On 5/5/05, Daniel Jacobowitz <drow@false.org> wrote:
> On Thu, May 05, 2005 at 05:05:56PM -0700, Shaun Jackman wrote:
> > My ARM7TDMI processor is currently in Thumb mode, but the x/i command
> > dissects the instruction as an ARM instruction. The symbol
> > rdp_getargvsp is a Thumb symbol added using add-symbol-file [elf
> > binary here]. What is the command to disassemble a given memory
> > location as a Thumb instruction?
> 
> How is it marked as Thumb in the binary?

It's marked with a $t symbol at the same address.

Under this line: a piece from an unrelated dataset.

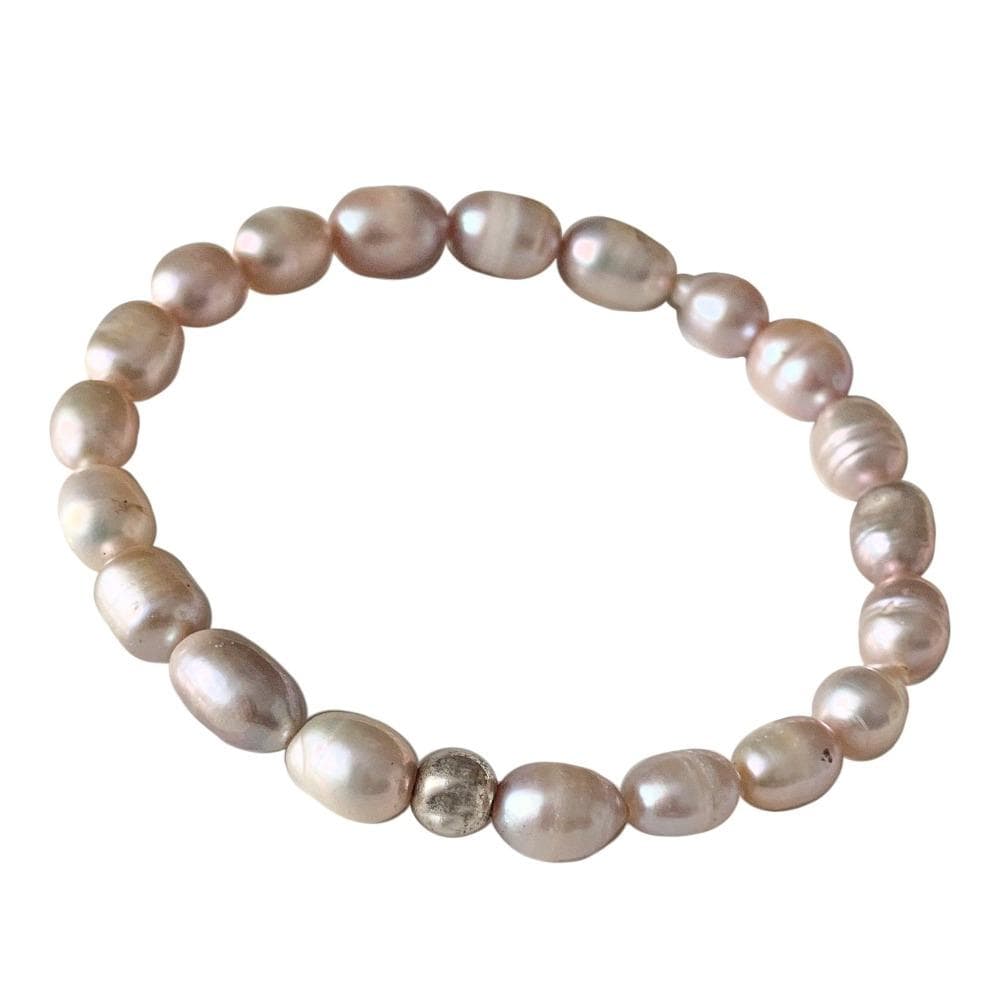 Pink Pearl bracelet with sterling silver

$ nm busybox | grep 020004dd
020004dd t $t
020004dd t rdp_getargvsp

I haven't read this in documentation; only noticed it from empirical
evidence. For example, here's a symbol compiled for ARM marked with a
$a symbol at the same address.

$ nm hello | grep 000081f8
000081f8 t $a
000081f8 T main

> GDB does not use the current CPSR value when disassembling; that way
> lies madness.

Hehe. I agree, that's probably not the best plan. However, for the
unique case of 'x/i $pc' it does make a certain amount of sense to use
the CPSR as a hint. I'm not sure if it's worth the special case
though. An explicit switch to the x/i and disas commands to specify
ARM or Thumb dissection is very much a good idea though.